Eritrea UPR Key Opportunity to Address Rights Violations Item 6 UPR Adoption
Item 6 UPR Adoption While welcoming Eritrea’s positive response to some of the UPR Working Group recommendations, we are deeply concerned that it failed to accept the most pressing recommendations that are key to ending the
Item 6 UPR Adoption
While welcoming Eritrea’s positive response to some of the UPR Working Group recommendations, we are deeply concerned that it failed to accept the most pressing recommendations that are key to ending the country’s human rights crisis.
The government continues to subject its population to widespread forced labor, imposes staunch restrictions on freedom of expression, opinion and faith, and restricts independent scrutiny.
We regret that, during its 2019 UPR review, the government rejected recommendations calling for an invitation to UN mandate holders. Despite its Council membership, the government continues to refuse to grant access to the special rapporteur on the human rights situation in Eritrea.
We also deeply regret that the government failed to accept any of the recommendations calling for a reform of the country’s indefinite national service and an end to forced conscription. The responses provided by Eritrea during its UPR on these issues fail to match the reality on the ground. Each year children are amongst the Grade 12 students forced to spend their final year of high school in a military camp. During this year, students undergo mandatory military training and are subjected to harsh punishments and forced labor by the military officials’ controlling them.
Similarly, despite improved salaries for national service conscripts posted in civilian jobs, there has been no meaningful reform of the national service.
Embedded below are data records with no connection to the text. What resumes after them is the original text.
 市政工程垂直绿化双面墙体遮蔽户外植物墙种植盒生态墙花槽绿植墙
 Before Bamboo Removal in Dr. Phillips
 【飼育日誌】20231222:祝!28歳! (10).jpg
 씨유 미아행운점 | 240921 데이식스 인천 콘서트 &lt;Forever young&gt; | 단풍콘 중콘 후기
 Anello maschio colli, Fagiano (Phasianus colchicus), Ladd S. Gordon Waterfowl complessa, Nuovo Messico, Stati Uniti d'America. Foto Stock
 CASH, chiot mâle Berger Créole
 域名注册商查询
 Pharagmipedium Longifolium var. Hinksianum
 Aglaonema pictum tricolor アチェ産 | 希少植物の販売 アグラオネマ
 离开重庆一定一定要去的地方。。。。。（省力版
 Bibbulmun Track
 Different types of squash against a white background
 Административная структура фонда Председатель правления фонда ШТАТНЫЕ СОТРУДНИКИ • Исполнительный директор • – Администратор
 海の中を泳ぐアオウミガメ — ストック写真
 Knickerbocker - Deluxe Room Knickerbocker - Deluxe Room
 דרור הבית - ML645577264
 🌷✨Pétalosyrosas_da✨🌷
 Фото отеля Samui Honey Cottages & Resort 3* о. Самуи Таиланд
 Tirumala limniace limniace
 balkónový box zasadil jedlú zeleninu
Improvements in standard of living have been minimal and mandatory ‘national service’ still constitutes forced labor – with conscripts facing years of service and risking serious reprisals if they try to leave.
While the government accepted one recommendation calling for improved rights of detainees, it did not accept important recommendations calling for independent monitoring of places of detention and for the release of people unlawfully detained. The government still jails citizens without trial or means for review. It does not permit relatives access to prisoners.
The government accepted some recommendations calling for the protection of freedom of expression, peaceful assembly and association, as well as freedom of religion, but in practice these key rights are regularly violated. A recent example is the case of the former finance minister Abrehe Kidane Berhane, who remains in incommunicado detention since September 2018 after he publicly criticized the President.
Will Eritrea comply with international human rights law and its membership obligations by unconditionally releasing all persons arbitrarily detained, ending forced conscription of children, reforming the national service system to bring it in line with the statutory 18-month requirement, and fully cooperating with the UN Special Rapporteur?
If Eritrea refuses to accept these recommendations, we urge the Council to renew the mandate of the Special Rapporteur and maintain a strong monitoring mechanism on Eritrea.